Is Environmentally-Friendly Agriculture Less Profitable for Farmers? Evidence on Integrated Pest Management in Bangladesh
World Bank - Development Research Group (DECRG)
Craig M. Meisner
The World Bank
World Bank - Policy Research Department
September 24, 2004
World Bank Policy Research Working Paper No. 3417
Concerns about the sustainability of conventional agriculture have prompted widespread introduction of integrated pest management (IPM), an ecologically-based approach to control of harmful insects and weeds. IPM is intended to reduce ecological and health damage from chemical pesticides by using natural parasites and predators to control pest populations. Since chemical pesticides are expensive for poor farmers, IPM offers the prospect of lower production costs and higher profitability. However, adoption of IPM may reduce profitability if it also lowers overall productivity, or induces more intensive use of other production factors. On the other hand, IPM may actually promote more productive farming by encouraging more skillful use of available resources. Data scarcity has hindered a full accounting of IPM's impact on profitability, health, and local ecosystems.

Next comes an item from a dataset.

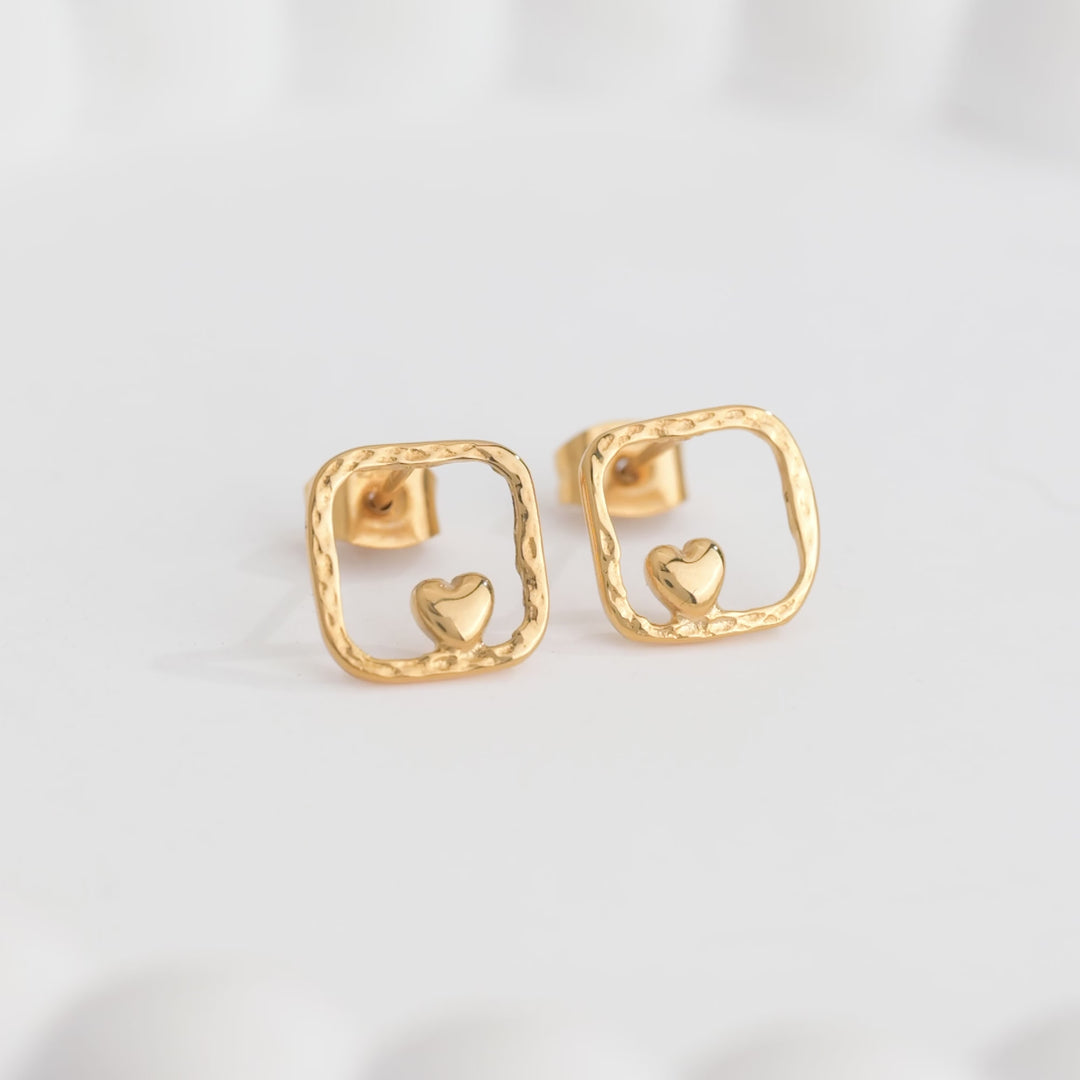 Aretes Acero Say Love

Using new survey data, Dasgupta, Meisner and Wheeler attempt such an accounting for rice farmers in Bangladesh. They compare outcomes for farming with IPM and conventional techniques, using input-use accounting, conventional production functions, and frontier production estimation. All of their results suggest that the productivity of IPM rice farming is not significantly different from the productivity of conventional farming. Since IPM reduces pesticide costs with no countervailing loss in production, it appears to be more profitable than conventional rice farming. The interview results also suggest substantial health and ecological benefits. However, externality problems make it difficult for farmers to adopt IPM individually. Without collective adoption, neighbors' continued reliance on chemicals to kill pests will also kill helpful parasites and predators, as well as exposing IPM farmers and local ecosystems to chemical spillovers from adjoining fields. Successful IPM adoption may therefore depend on institutional support for collective action.
This paper - a product of the Infrastructure and Environment Team, Development Research Group - is part of a larger effort in the group to understand the economics of pesticide contamination in developing countries.